Supplied records below:

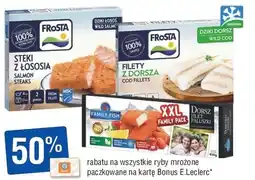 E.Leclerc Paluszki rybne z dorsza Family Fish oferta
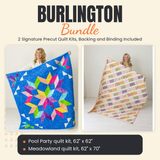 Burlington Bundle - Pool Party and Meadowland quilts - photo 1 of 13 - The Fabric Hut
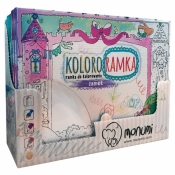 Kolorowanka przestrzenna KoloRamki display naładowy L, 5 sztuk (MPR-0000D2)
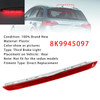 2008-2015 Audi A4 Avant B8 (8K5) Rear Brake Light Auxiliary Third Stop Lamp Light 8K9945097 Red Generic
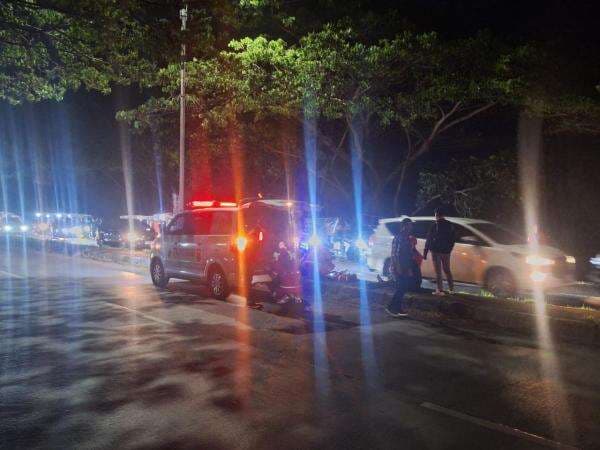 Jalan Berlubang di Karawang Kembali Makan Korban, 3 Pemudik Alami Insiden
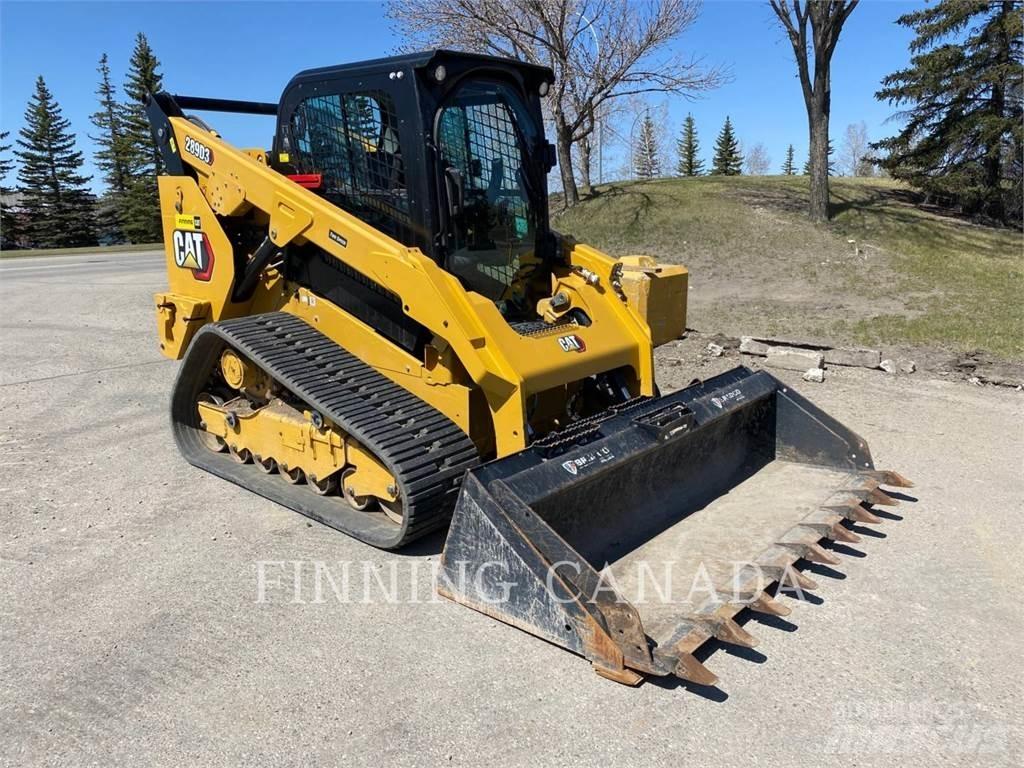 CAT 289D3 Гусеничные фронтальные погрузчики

End of Supplied records.
Supplied records below:

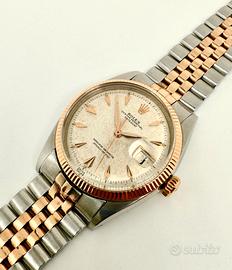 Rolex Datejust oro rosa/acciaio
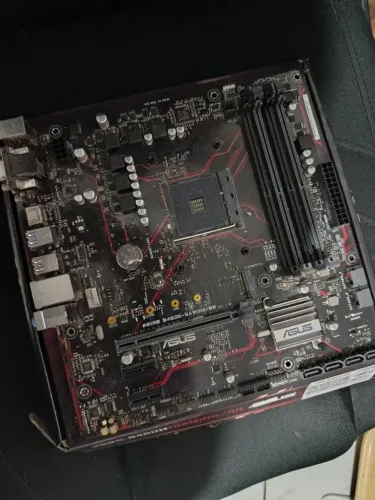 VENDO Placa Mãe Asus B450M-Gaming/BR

End of Supplied records.

| Exercise details |
Your answer must be everything above from the line with "Jalan Berlubang di" down to the line with "CAT 289D3 Гусеничные фронтальные погрузчики", word for word, and no pictures.

| Task output |
 Jalan Berlubang di Karawang Kembali Makan Korban, 3 Pemudik Alami Insiden
 CAT 289D3 Гусеничные фронтальные погрузчики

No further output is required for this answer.